Because she didn’t run, Sotero has become a focus in a debate over illegal immigrants and what police can do to stop them.

Sotero has said she came north from Xochiaca, a Mexico City suburb, after the clothing factory where she worked closed down.

“The desperation drove her to leave for the United States,” her mother, Genoveva Vazquez, said in an interview in Mexico City.

Many of the people on the truck were farm workers who are uncomfortable with all the media attention, said Bobbi Murray, spokeswoman for the Coalition for Humane Immigrant Rights of Los Angeles, which is representing 17 of the 19 immigrants.

“Friends told them there was work in the strawberry fields,” Murray said.

Two sheriff’s deputies were placed on paid leave after a videotape captured them beating Sotero and companion Enrique Funes following the 80-mile chase.

Rather than flee with the others, Funes, identified as Sotero’s common-law husband, jumped from the back of the truck and helped her and another person out of the cab after the truck rolled to a stop.

An attorney has prepared a $10 million claim against Riverside County on his behalf. The lawyer, Peter Schey, also is seeking $10,000 for Santiago Garcia Pedroza, who allegedly was roughed up.

“I don’t know why they treated our friends like that. We didn’t do any crime. I came to work. I didn’t come to be a criminal,” said Eduardo Roman Garcia, one of the 19 immigrants captured after the chase. The driver of the truck apparently got away, police have said.

Funes, also from Xochiaca, was unemployed and looking for work, his relatives have said.

Life was equally harsh for Eduardo Roman Garcia, a 29-year-old father of two from Veracruz. The auto body shop where he worked closed, so he left for the United States to find similar work.

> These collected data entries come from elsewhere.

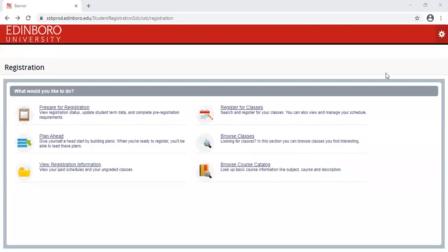This video will show you how to prepare for registration, browse for classes, and register for classes. In order to get to the screen I am showing you, you will need to log into the My Edinburgh Portal, click on the Scots icon, and click on the Registration and Planning page.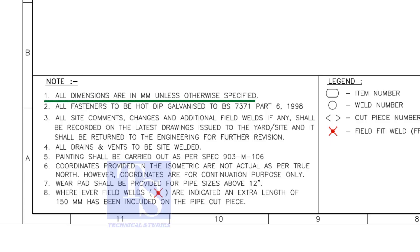All dimensions are in millimeter. All vents and drains to be site welded.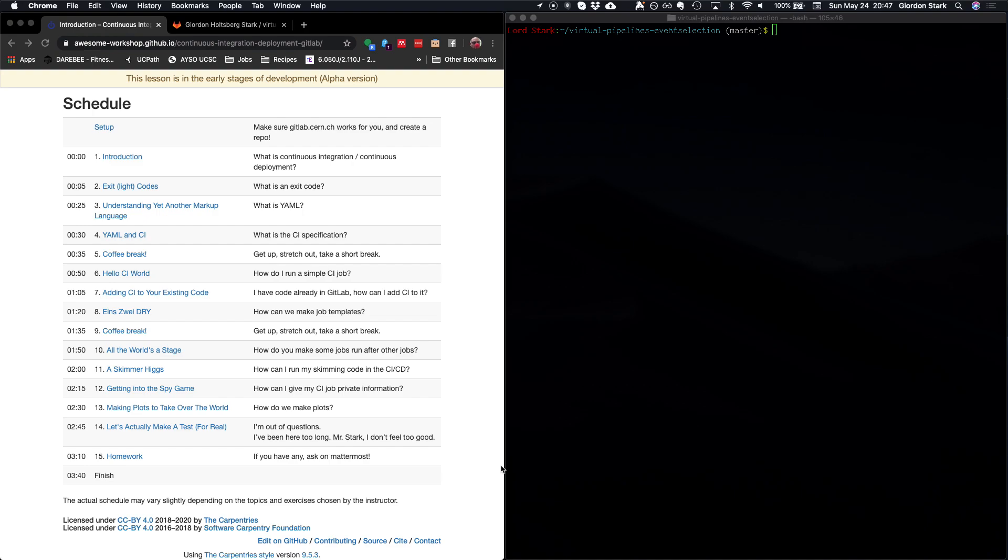Alrighty, in this video we're going to talk about starting up with our very first GitLab CI job. And this is what I call the Hello World example. We're just going to get a random computer somewhere to tell us Hello World in the log file of our repository.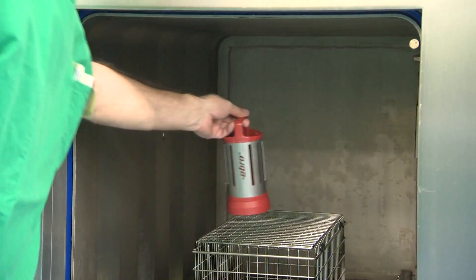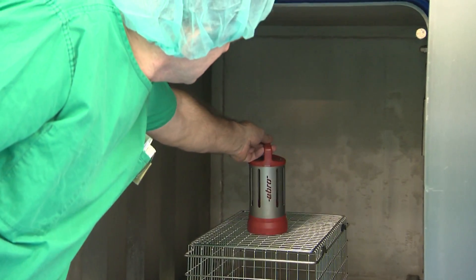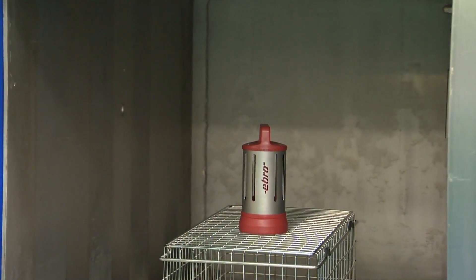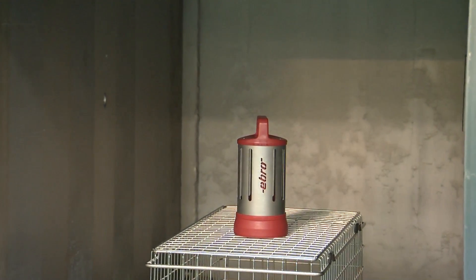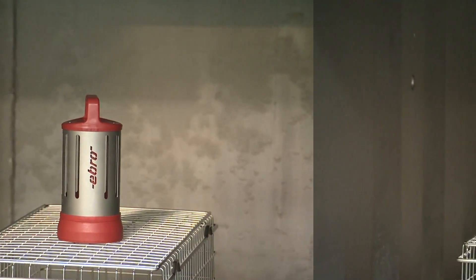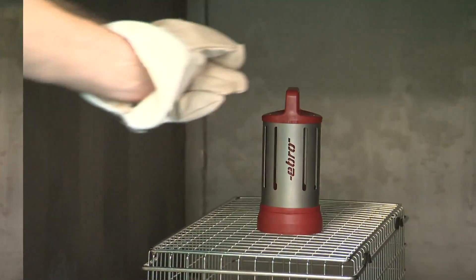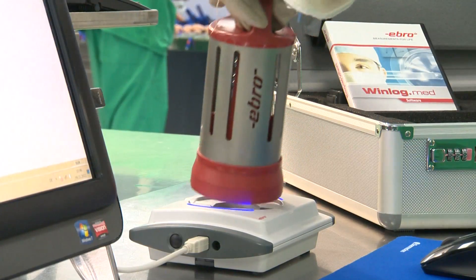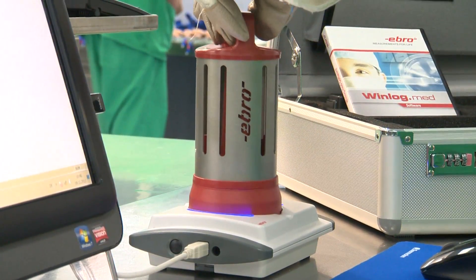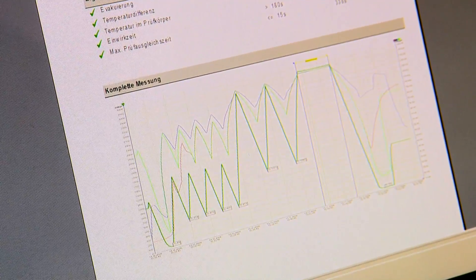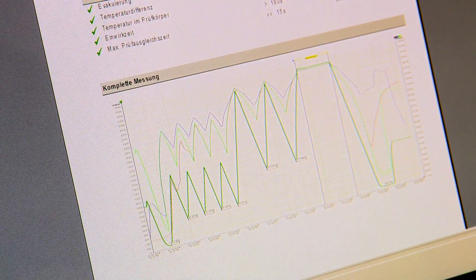The Bowie and Dick test software monitors the vacuum and sterilization phase of the sterilizer in its entirety, displayed in a graphic representation. The program identifies both a defect-free sterilization cycle as well as one exhibiting defects.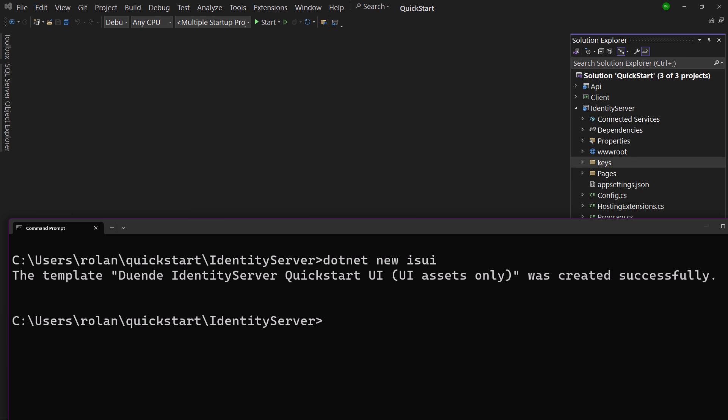Just call .NET new IS-UI in the folder of the identity server project we ended up with in the client credentials tutorial. As an alternative, you could also use one of the other templates that already contain the UI, such as IS-in-mem. Watch the video about templates for more information. IS-UI will add a pages folder with Razor pages to the project, as well as a www root folder with some static assets.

Just south of the border, he met a man who offered to take him and several others to Los Angeles for $400 apiece if they could get across the border on their own. It took them two days, traveling day and night when not hiding from the Border Patrol, to reach the rendezvous near San Diego, said Murray.

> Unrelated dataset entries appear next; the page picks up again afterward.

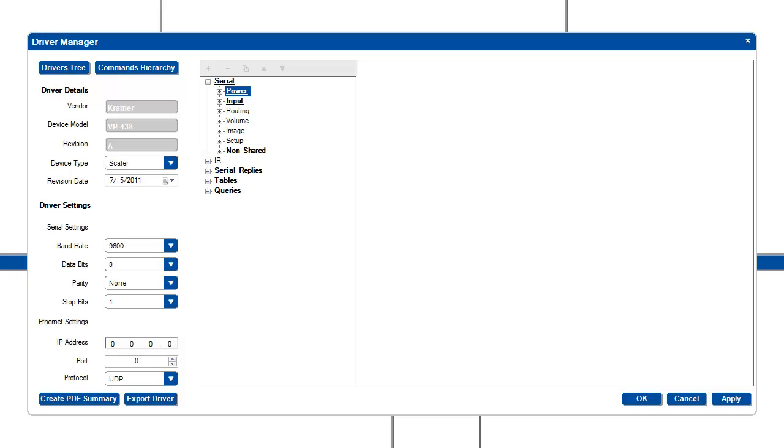Commands are separated by shared commands and non-shared commands. Shared commands exist in the named categories like power, input, routing, volume, etc. And non-shared commands are all grouped together in one bunch. Shared command names are predetermined so that they will be the same for all drivers which can allow for easy substitution of drivers in a project. Non-shared commands should be considered device-specific and therefore not shared by all drivers. The shared categories that are listed for the driver depend on the device type selected. Different device types only contain their corresponding shared categories.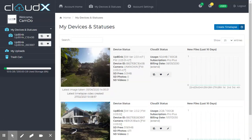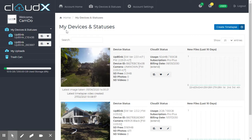Hi, this video shows you how to take out a subscription on CloudX. When you log into CloudX, you'll be presented here with the My Devices and Statuses screen, which lists each of your devices.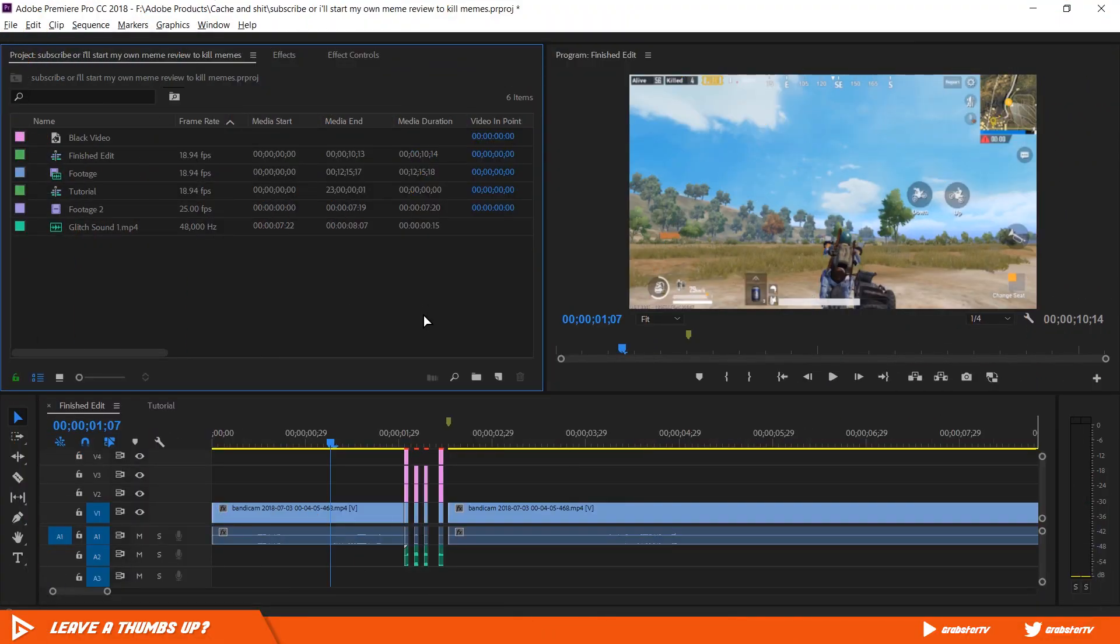Hello everyone, welcome back to another video. In this video we will be creating a very simple yet really cool glitch effect in Premiere Pro.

When the pursuit began, Roman Garcia feared the pickup would overturn. Speeds reached 100 mph and the camper shell that had concealed the immigrants began to peel away under the force of the air.

“We were panicking,” Roman Garcia said during a Thursday news conference.

But Roman Garcia says he’s optimistic now. He and the others will be allowed to stay in the United States at least six months to assist in the investigations into the chase and beatings.